This PhD is written in french.
Ordonnancement Multiprocesseurs et Distribué Temps réel
"Scheduling on Parallel and Distributed Real Time Systems"
PhD Thesis Abstract:
In this thesis, we consider several scheduling problems of parallel computations. A parallel application is modeled by a Directed Acyclic Graph (DAG), where vertices represent tasks and edges the precedence constraints between them. Our contributions fit into three contexts.
The first problem considered is the scheduling and clustering of general and large task graphs with arbitrary execution/communication time onto parallel processing systems with distributed memory. In this context, we propose two algorithms: 1-- An efficient clustering algorithm, based on the technique of critical path scheduling. It is guided by a set of rules in order to reduce considerably the number of processors used in the scheduling process. In order to reduce the time complexity of the proposed algorithm, the length computation of the critical path is done incrementally from one step to another. 2-- A scheduling algorithm on a bounded number of processors.
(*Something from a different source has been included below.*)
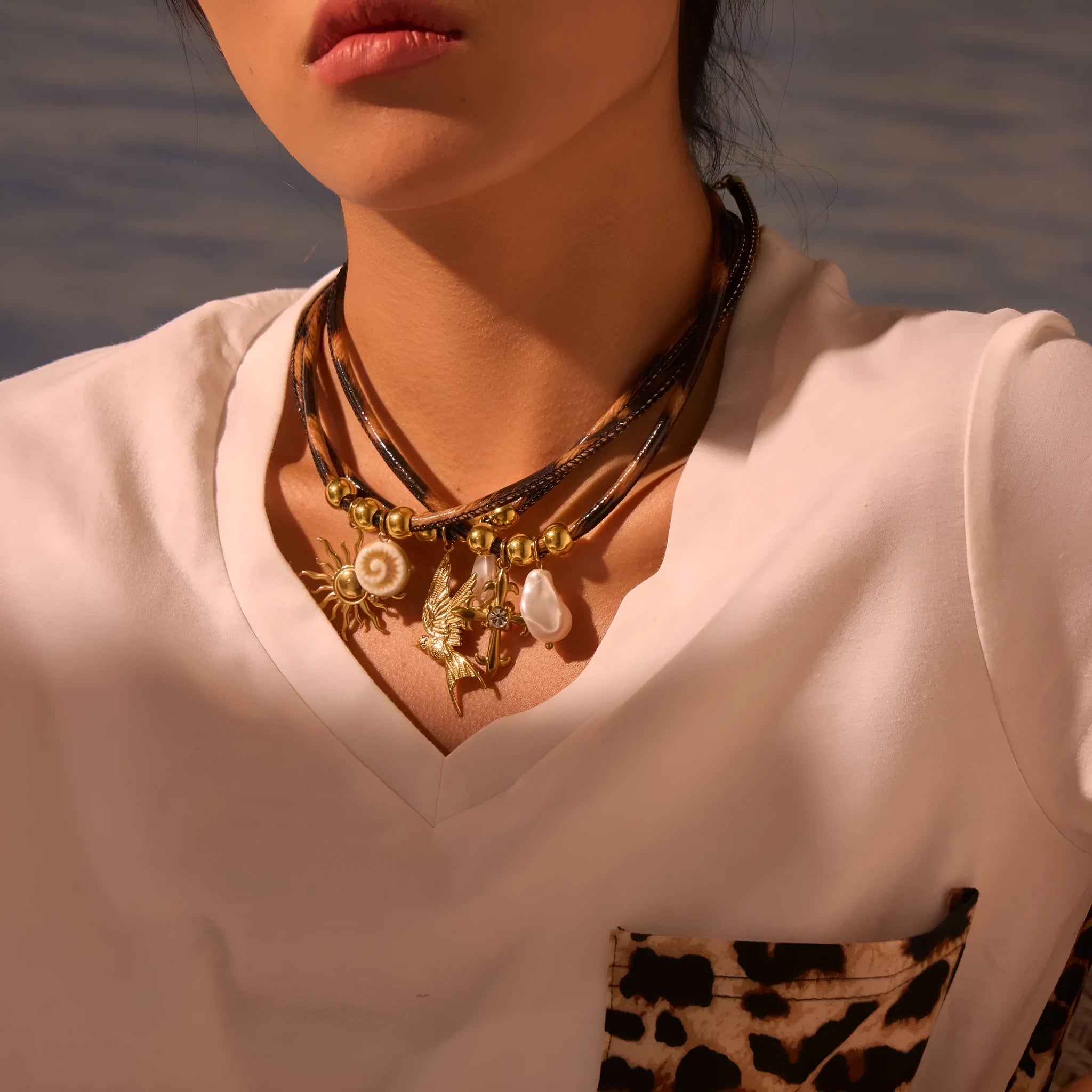 Geometric leopard pendant necklace on adjustable stainless steel chain with 18K gold electroplating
The task selection for scheduling is reduced to only one instead of all and processor selection is reduced to only two instead of all. This algorithm is both fast and powerful compared to other algorithms in the literature.
The second context of this thesis deals with the problem of reliability and scheduling in heterogeneous computing systems. We propose an algorithm which takes into account not only the time makespan but also the failure probability of the application. The heuristic is validated by a series of experimentations and the results obtained are promising.
Finally, we present a new distributed dynamic scheduling scheme for sporadic real-time jobs (DAGs) on arbitrary wide networks. Jobs arrive on any site at any time and compete for the computational resources of the network. The scheduling algorithm presented in this thesis, is based upon a new concept of Computing Spheres in order to determine a good neighborhood of sites that may cooperate for the execution of a job if it cannot be guaranteed locally. This leads to a noticeable increase of the number of accepted jobs. The salient feature of this new concept is that it allows the algorithm to be performed on arbitrary wide networks since it uses a limited number of sites and communication links.
Keywords: reliability, scheduling, clustering, real-time systems, parallel systems, distributed computing systems, directed acyclic graphs DAGs, bi-criteria scheduling, heterogeneous systems.